Detail from a day in the life of the Answer Wall . Image: Gary Wayne Gilbert for Boston College Magazine.

On February 2, 2017, students entering through the main doors of O’Neill Library might have noticed, hanging on a wall to their right near the stairs, a 2-x-3-foot whiteboard.

“Answer Wall,” a computer-generated sign above the board explained. “Ask your questions on a Post-it. The wall will answer,” and then, in finer print, “Good fences make good neighbors; the best walls bring people together. This wall welcomes questions of all kinds.”

A stub of a pencil rested in a tray at the base. On a shelf nearby, a Post-it feathered from a plastic dispenser, waiting to be plucked.

The first questions to appear on the board were practical, almost timid, in tone: I want to check out a book from the library but it says they don’t have it. Can I get it from a different library without going in person? And How much will it snow between 9-11 am!

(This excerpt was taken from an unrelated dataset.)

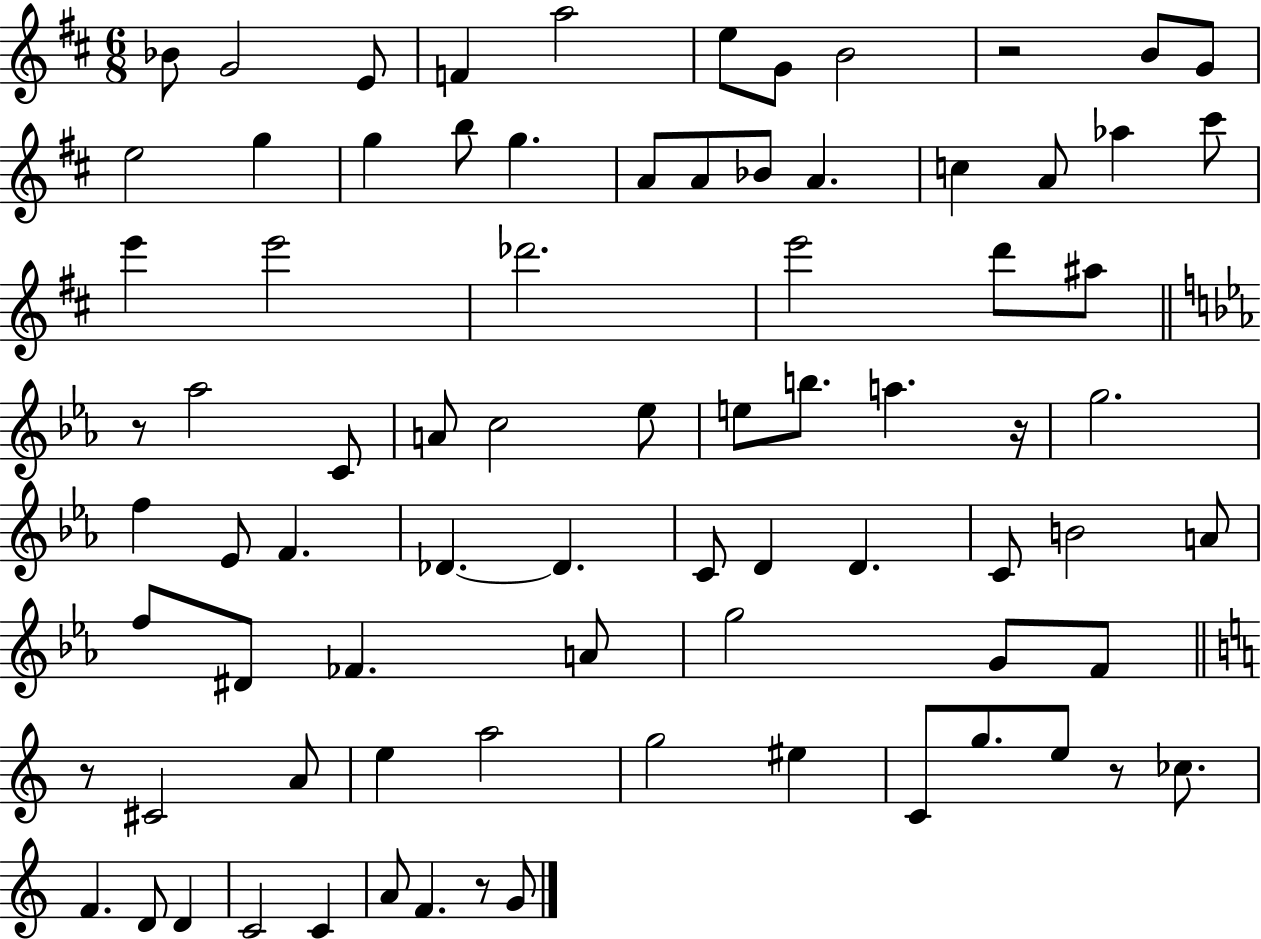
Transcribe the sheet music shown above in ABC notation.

But then, encouraged maybe by the responses that were typed on yellow Post-its addressed to “Dear, dear human(s)” and signed “A. Wall,” students, as they tend to do, began to question everything.

They pondered the peculiar (Is it cran or cray-on? Is a hot dog a sandwich?), the political (How can we smash the patriarchy? Can I openly express support for Trump?), matters of the heart (Do you think she’ll ever love me back?), and their own anxieties (Who will hire me? How can I overcome stage fright?).

They asked questions that could be answered only with other questions (What is the air speed velocity of an unladen swallow? Answer Wall: African or European?). They were serious (How should I come out to my parents? How can I find my true passion?), curious (How did pugs get squished faces?), playful (Will Mario and Princess Peach eventually be together?), timely (How should I spend my last few weeks as a senior at BC?), and timeless (What if I don’t know what I don’t know? What do we owe to each other?). In one semester, students asked more than 300 questions.

They asked questions that weren’t really questions, such as How much would it cost to have air conditioning installed in Walsh? #please and 不要回答, 不要回答, 不要回答 (Do not answer, Do not answer, Do not answer, in Chinese. Answer Wall: I will not answer. I will not answer. I will not answer). Students made statements (We love you Answer Wall) and wondered, How many collective people-hours go into answering these questions? Does the library have a special team to do it?(Answer Wall: Yes, I have a cadre of dedicated library helpers who assist me in broadcasting my answers to all your wonderful questions.)

Every question received an answer. What is? one student asked, and the Wall responded, Consider the Ship of Theseus, and described the first-century paradox: If, over time, a boat is restored by replacing every plank, every rope, and every bit of hardware, piece by piece, is it still the same boat? The Wall dispensed its own wisdom (Q: Will I ever find love? A: Have friends, be your weird self, do what you enjoy, and when someone makes your heart race, get to know them, and let them get to know you), and it referred students to the University’s Office of Residential Life, Office of International Students and Scholars, and Career Center. It encouraged students to read Plato’s Symposium, Dickens’s Great ExpectationsThe Hate U Give by Angie Thomas, Shakespeare’s Twelfth Night, and other works, which, in April, were compiled into a lobby display titled “Answer Wall Recommended Reading.”

At the start of the summer, a new typed message appeared: “I’m taking it easy,” it read, “going on rambles . . . with some side visits to seawalls.” It responded to more than thirty summer questions, nonetheless.